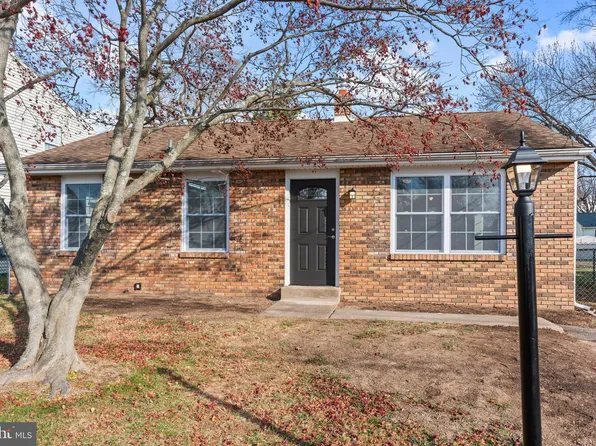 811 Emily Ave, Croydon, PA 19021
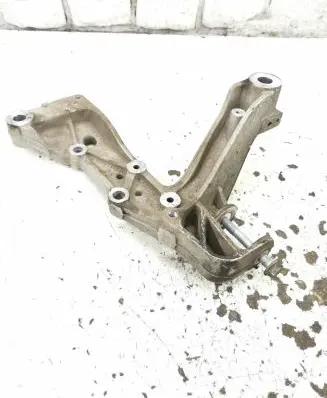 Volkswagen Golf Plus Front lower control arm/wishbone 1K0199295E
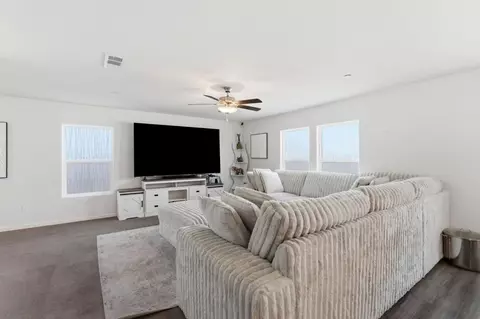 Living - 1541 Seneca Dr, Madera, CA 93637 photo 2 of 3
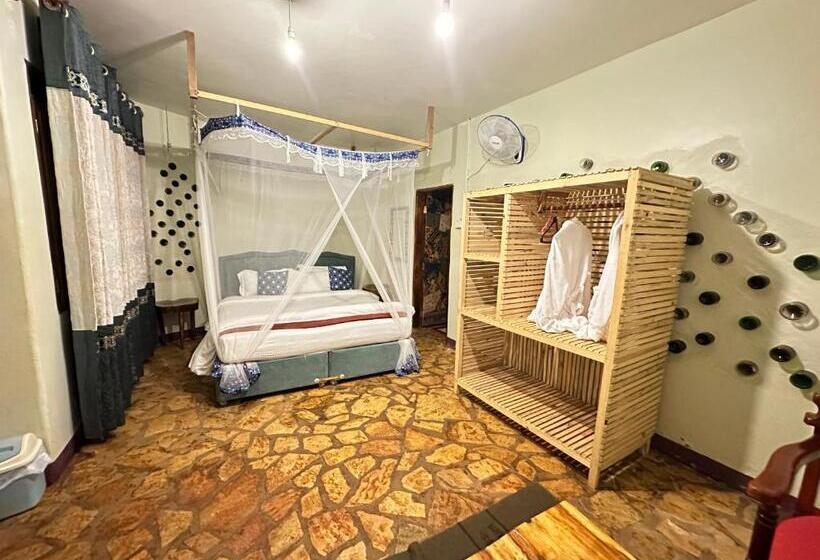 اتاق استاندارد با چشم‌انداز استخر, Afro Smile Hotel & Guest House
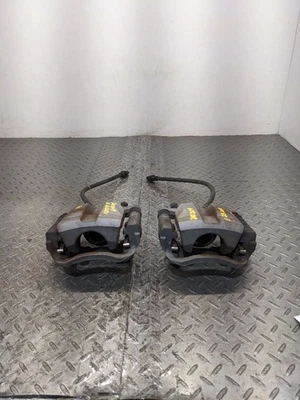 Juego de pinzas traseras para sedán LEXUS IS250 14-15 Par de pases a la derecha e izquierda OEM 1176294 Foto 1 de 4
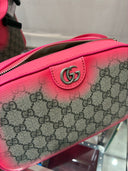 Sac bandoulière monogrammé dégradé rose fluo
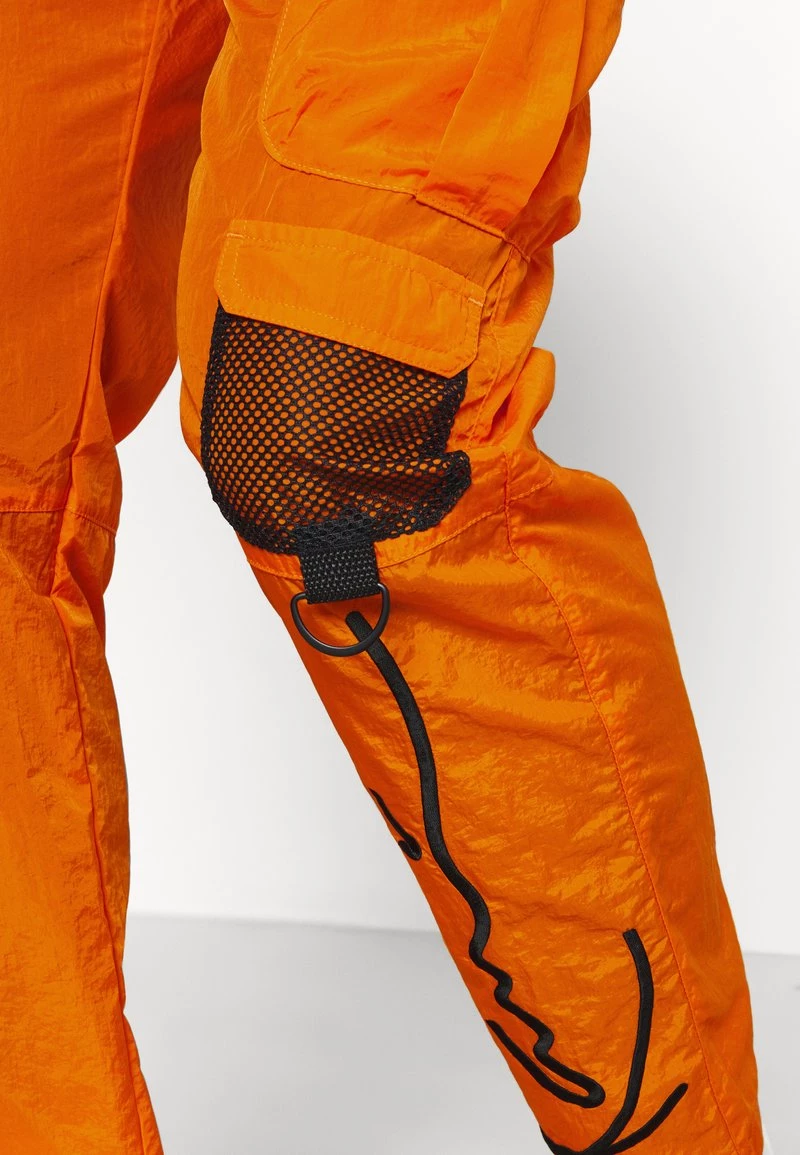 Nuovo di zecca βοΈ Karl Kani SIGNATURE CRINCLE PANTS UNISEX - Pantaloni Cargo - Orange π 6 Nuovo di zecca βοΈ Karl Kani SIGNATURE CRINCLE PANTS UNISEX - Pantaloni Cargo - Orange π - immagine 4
§ §
▶ What the exercise asks
Copy, exactly and exclusively, the lines beginning with the one that contains "Living - 1541" and ending with the last line of the listing; pictures are to be omitted.

▶ Problem solution
 Living - 1541 Seneca Dr, Madera, CA 93637 photo 2 of 3
 اتاق استاندارد با چشم‌انداز استخر, Afro Smile Hotel & Guest House
 Juego de pinzas traseras para sedán LEXUS IS250 14-15 Par de pases a la derecha e izquierda OEM 1176294 Foto 1 de 4
 Sac bandoulière monogrammé dégradé rose fluo
 Nuovo di zecca βοΈ Karl Kani SIGNATURE CRINCLE PANTS UNISEX - Pantaloni Cargo - Orange π 6 Nuovo di zecca βοΈ Karl Kani SIGNATURE CRINCLE PANTS UNISEX - Pantaloni Cargo - Orange π - immagine 4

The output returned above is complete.